Air pipes

Pipes are calling again on St. Patrick’s Day, and he’s got the answers

The eldest of three sons born to James H. and Jacquelyn Sullivan Chapman, J. Kevin Chapman did not follow in his mother’s musical footsteps.

“My mom was a concert pianist, and I was tired of carrying a piano on my back,” jokes Chapman, 69, who has been carrying a bagpipe for more than four decades and has a busy schedule this St. from Patrick.

The Mount Prospect grandfather will start the day playing for a private party in Wisconsin. An experienced speaker with Toastmaster International, Chapman will perform and lecture on bagpipes at Addolorata Villa, a senior community in Wheeling. Then he’ll get in the car to drive 70 miles to the town of Waterman, DeKalb County, for his last gig of the day.


After a few pandemic-ridden years without a big St. Patrick’s Day celebration, the holiday is getting more attention this year, which is perfect for Mount Prospect piper J. Kevin Chapman.
-Paul Valade | Personal photographer

He’s used to a busy St. Patrick’s Day schedule, including in the 1980s when he managed to squeeze in over 70 performances over a long weekend. But the pandemic interrupted the last two vacations and canceled his busy schedule. This year was in doubt until recently.

“A lot of people were waiting to see what was going to happen,” says Chapman, who notes that people have been calling much later than usual to hire him. “I had to refuse a lot of them and pass them on to friends.”


        
        
        
        
        
        
        
        
        
        
        
        
        
        
        
        
        
        
        
        
        
        
        
        

He played bagpipes at a block party parade and also a funeral in Naperville earlier this week, giving mourners the haunting “Oft in the Stilly Night,” the classic “Amazing Grace,” and the “Marine Hymn” in honor of the deceased’s service with the Marine Corps.



A difficult instrument to learn, the bagpipe requires a year of practice before a player even adds the bag.  J. Kevin Chapman of Mount Prospect says the key is "to keep the bag full and the air pressure constant."

A difficult instrument to learn, the bagpipe requires a year of practice before a player even adds the bag.

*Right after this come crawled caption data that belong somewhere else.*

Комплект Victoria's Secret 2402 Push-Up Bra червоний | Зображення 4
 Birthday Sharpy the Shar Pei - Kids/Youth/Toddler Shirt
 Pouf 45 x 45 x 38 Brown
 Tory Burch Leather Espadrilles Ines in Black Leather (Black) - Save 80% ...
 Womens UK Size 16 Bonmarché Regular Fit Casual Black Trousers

J. Kevin Chapman of Mount Prospect says the key is “to keep the pack full and the air pressure steady.”
-Paul Valade | Personal photographer

People usually request bagpipe classics such as “Scotland the Brave” (which was adapted into the Old Spice jingle), “Highland Cathedral”, “Mairi’s Wedding” and “Wearing of the Green”, depending on the occasion. “At a funeral a woman asked me to play ‘Splish, Splash, I was taking a bath,'” says Chapman, who kindly explained that his Great Highland pipes weren’t equipped to play that rock song by 1958 made famous by Bobby Darin.

He performs “It’s a Small World” for his granddaughter, Lucy, and the Notre Dame fight song at certain events. “You play that at a wedding, especially if you’re taking people to the bar,” Chapman explains.

Growing up in Park Ridge and playing tennis at Loyola Academy in Wilmette and Loral College in Dubuque, Iowa, Chapman was a history scholar who had no interest in bagpipes until a trip abroad in 1976 after university to visit relatives in County Sligo in the North West. Ireland. “I saw some in Ireland and big pipes in Scotland,” Chapman recalled.



Mount Prospect piper J. Kevin Chapman gets very busy this time of year with St. Patrick's Day concerts.

Mount Prospect piper J. Kevin Chapman gets very busy this time of year with St. Patrick’s Day concerts.
-Paul Valade | Personal photographer

“In the old country, they start at 6 or 7,” says Chapman, who found an instructor on his way home. A double reed wind instrument, the bagpipe is not easy to learn. For the first year, Chapman only played practice cantor, blowing into the mouthpiece, learning the fingering needed to cover the holes to play the proper notes, and memorizing songs.

Eventually, the pipers add the bag and a blowpipe, but “goose” (seal) the three drones (pipes that add the chords) until they master the ability to control air.

“The trick is to keep the bag full and the air pressure stable,” says Chapman, who retired from a career selling newspapers and played with many bands, including the Shannon Rovers. He and his 45-year-old wife, Tish, have four grown children, and their son Kevin plays bagpipes with the Palatine-based Chicago Highlanders Pipes & Drums.

A student of bagpipes and their history, Chapman says a typical instrument has 114 parts, and there are over 140 similar instruments in countries around the world.

“You can have days if you haven’t followed up on the interview or the practice, it can be a very frustrating instrument,” Chapman says. “But when you’re on, you’re in heaven.”